SWAP_SPACE 4 int CPU swap space size (GiB) per GPU.
ENFORCE_EAGER 0 boolean as int Always use eager-mode PyTorch. If False(0), will use eager mode and CUDA graph in hybrid for maximal performance and flexibility.
MAX_CONTEXT_LEN_TO_CAPTURE 8192 int Maximum context length covered by CUDA graphs.

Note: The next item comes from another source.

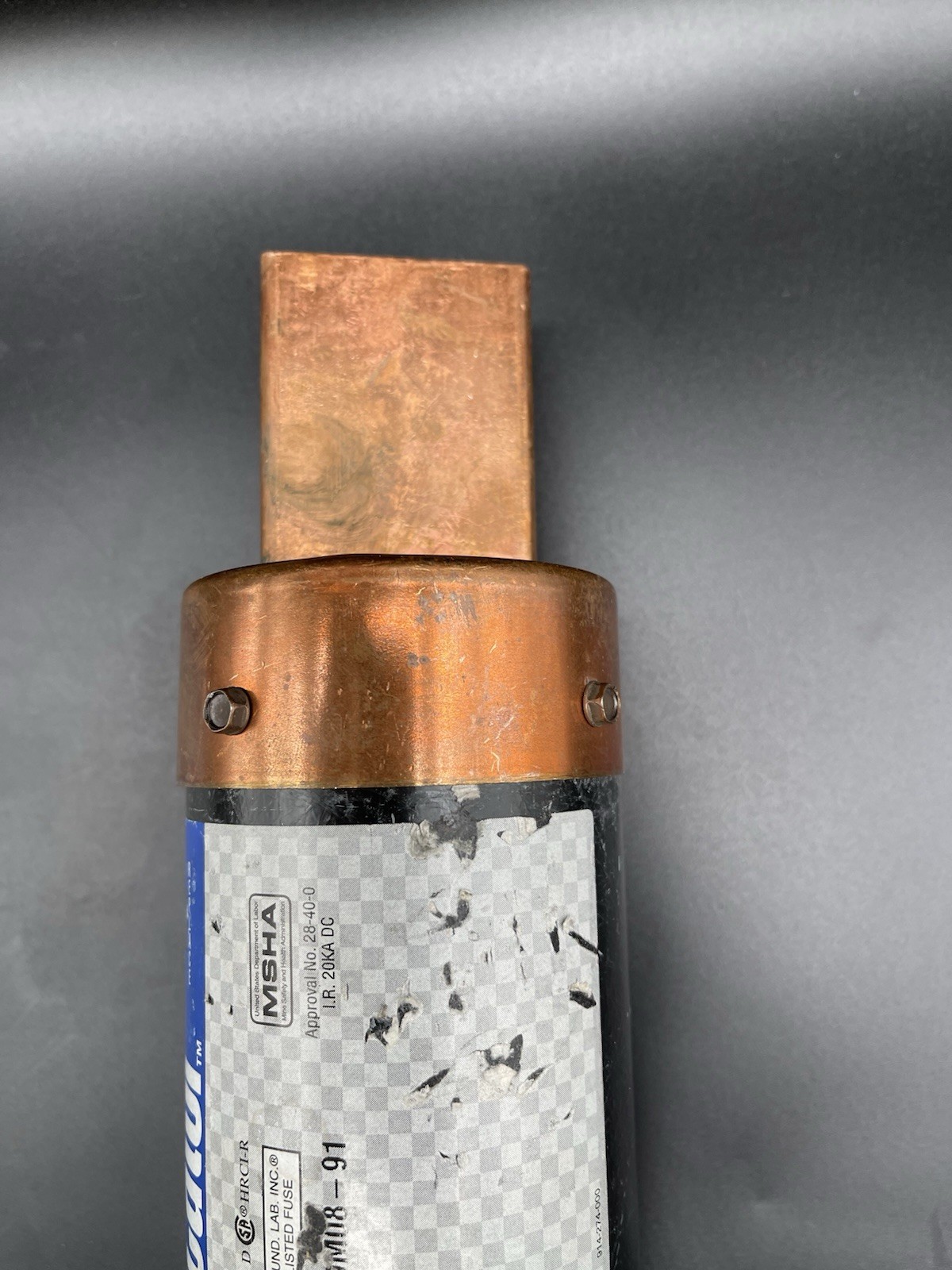 Littelfuse FLSR 400ID 400 ID FLSR400ID Indicator POWR-GARD 75-600 Vac 400A RK5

When a sequence has context length larger than this, we fall back to eager mode.
DISABLE_CUSTOM_ALL_REDUCE 0 int Enables or disables custom all reduce.
Streaming Batch Size Settings:
DEFAULT_BATCH_SIZE 50 int Default and Maximum batch size for token streaming to reduce HTTP calls.
DEFAULT_MIN_BATCH_SIZE 1 int Batch size for the first request, which will be multiplied by the growth factor every subsequent request.
DEFAULT_BATCH_SIZE_GROWTH_FACTOR 3 float Growth factor for dynamic batch size.
The way this works is that the first request will have a batch size of DEFAULT_MIN_BATCH_SIZE, and each subsequent request will have a batch size of previous_batch_size * DEFAULT_BATCH_SIZE_GROWTH_FACTOR. This will continue until the batch size reaches DEFAULT_BATCH_SIZE. E.g. for the default values, the batch sizes will be 1, 3, 9, 27, 50, 50, 50, .... You can also specify this per request, with inputs max_batch_size, min_batch_size, and batch_size_growth_factor. This has nothing to do with vLLM's internal batching, but rather the number of tokens sent in each HTTP request from the worker
OpenAI Settings
RAW_OPENAI_OUTPUT 1 boolean as int Enables raw OpenAI SSE format string output when streaming. Required to be enabled (which it is by default) for OpenAI compatibility.
OPENAI_SERVED_MODEL_NAME_OVERRIDE None str Overrides the name of the served model from model repo/path to specified name, which you will then be able to use the value for the model parameter when making OpenAI requests
OPENAI_RESPONSE_ROLE assistant str Role of the LLM's Response in OpenAI Chat Completions.
Serverless Settings
MAX_CONCURRENCY 300 int Max concurrent requests per worker. vLLM has an internal queue, so you don't have to worry about limiting by VRAM, this is for improving scaling/load balancing efficiency
DISABLE_LOG_STATS 1 boolean as int Enables or disables vLLM stats logging.
DISABLE_LOG_REQUESTS 1 boolean as int Enables or disables vLLM request logging.

Tip

If you are facing issues when using Mixtral 8x7B, Quantized models, or handling unusual models/architectures, try setting TRUST_REMOTE_CODE to 1.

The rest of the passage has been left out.